Teens enticed by e-cigarettes; FDA slow to regulate product

Amber Buhagiar, Editor-in-Chief & Entertainment Editor

e-cigarette-woman-131114Teenagers’ shopping lists often consist of the raved about smartphone, brand new running shoes… and cigarettes?  The small price tag may be to blame.

A recent article in “The Record” states that San Joaquin County has the lowest cigarette price at $3.77 per pack in California.  At more than 50¢ lower than the average cost of one pack, many are wondering if the low cost makes cigarettes more accessible, especially to teens.

“Kids that want cigarettes will buy them at any price if they have the opportunity,” Counselor Ivan Tunnell said.  “No matter the price on cigarettes, I think enforcing the minimum age requirement is where the focus should be.”
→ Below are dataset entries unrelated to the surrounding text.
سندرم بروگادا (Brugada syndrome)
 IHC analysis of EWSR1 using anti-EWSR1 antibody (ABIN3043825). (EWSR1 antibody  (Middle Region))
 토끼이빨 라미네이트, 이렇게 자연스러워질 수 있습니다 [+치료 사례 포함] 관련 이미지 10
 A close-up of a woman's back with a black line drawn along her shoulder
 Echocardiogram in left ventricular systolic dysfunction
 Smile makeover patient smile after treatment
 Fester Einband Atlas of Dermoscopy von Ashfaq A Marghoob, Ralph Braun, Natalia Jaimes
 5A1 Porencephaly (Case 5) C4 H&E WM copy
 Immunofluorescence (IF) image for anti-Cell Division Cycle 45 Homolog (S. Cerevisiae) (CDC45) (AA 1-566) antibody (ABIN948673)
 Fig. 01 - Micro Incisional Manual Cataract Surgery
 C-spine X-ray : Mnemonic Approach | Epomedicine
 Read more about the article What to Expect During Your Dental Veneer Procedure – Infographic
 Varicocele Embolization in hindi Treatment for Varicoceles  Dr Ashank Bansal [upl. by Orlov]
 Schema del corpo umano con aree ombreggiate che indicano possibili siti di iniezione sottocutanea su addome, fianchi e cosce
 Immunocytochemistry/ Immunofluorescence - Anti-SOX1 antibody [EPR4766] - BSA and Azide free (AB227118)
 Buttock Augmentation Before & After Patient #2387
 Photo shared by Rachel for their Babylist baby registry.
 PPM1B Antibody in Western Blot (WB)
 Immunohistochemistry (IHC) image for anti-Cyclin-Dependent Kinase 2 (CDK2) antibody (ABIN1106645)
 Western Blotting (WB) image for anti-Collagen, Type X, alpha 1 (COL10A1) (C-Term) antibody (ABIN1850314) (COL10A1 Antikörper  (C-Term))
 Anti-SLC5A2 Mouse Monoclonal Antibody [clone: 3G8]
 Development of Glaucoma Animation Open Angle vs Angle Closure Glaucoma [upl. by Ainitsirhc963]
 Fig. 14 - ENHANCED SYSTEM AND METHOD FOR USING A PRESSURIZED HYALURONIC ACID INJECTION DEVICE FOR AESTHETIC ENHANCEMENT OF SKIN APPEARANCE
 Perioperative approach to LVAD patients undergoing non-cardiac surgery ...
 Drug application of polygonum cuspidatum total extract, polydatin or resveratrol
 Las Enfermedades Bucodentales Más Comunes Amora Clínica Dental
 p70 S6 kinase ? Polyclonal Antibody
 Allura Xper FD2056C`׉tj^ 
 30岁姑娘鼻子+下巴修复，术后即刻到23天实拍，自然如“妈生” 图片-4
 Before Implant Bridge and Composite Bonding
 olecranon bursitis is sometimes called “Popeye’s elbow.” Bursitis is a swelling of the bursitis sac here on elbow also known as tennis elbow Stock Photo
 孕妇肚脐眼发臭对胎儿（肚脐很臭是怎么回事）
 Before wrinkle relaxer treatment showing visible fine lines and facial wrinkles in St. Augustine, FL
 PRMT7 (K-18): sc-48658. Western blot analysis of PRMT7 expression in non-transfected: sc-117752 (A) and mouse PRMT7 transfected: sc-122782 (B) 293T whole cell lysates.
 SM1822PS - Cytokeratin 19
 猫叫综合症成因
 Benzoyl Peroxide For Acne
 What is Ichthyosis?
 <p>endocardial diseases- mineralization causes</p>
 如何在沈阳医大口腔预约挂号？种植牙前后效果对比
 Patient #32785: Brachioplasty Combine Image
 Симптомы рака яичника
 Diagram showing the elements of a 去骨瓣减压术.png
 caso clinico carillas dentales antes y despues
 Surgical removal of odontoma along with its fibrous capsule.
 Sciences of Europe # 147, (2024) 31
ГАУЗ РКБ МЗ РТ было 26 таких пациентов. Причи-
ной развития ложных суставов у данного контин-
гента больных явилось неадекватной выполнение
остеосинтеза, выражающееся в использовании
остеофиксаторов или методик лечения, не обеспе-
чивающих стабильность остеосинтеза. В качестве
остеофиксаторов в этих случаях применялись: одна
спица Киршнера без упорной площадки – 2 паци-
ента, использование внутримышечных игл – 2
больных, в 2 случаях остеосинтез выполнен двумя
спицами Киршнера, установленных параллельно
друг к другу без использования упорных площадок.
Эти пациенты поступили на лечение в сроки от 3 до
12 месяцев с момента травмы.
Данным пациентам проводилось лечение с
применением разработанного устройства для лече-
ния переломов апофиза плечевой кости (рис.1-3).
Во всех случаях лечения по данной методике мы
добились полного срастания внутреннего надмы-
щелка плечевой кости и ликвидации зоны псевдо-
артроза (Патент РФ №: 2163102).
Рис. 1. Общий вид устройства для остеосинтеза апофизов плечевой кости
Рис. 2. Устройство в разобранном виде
Although the low price may make it easier for individuals to purchase cigarettes, a new trend toward tobacco-free e-cigarettes has become popular among teenagers.

E-cigarettes are battery operated devices bearing the resemblance of conventional cigarettes, but they do not burn tobacco.  Rather, they deliver a vapor containing nicotine, flavor, and other chemicals.  A starter kit usually includes two e-cigarettes, extra batteries, and various nicotine cartridges.

Originally, the e-cigarettes were marketed to the general public as a way for individuals to wean off conventional cigarettes.  But more often than not, individuals smoke them recreationally.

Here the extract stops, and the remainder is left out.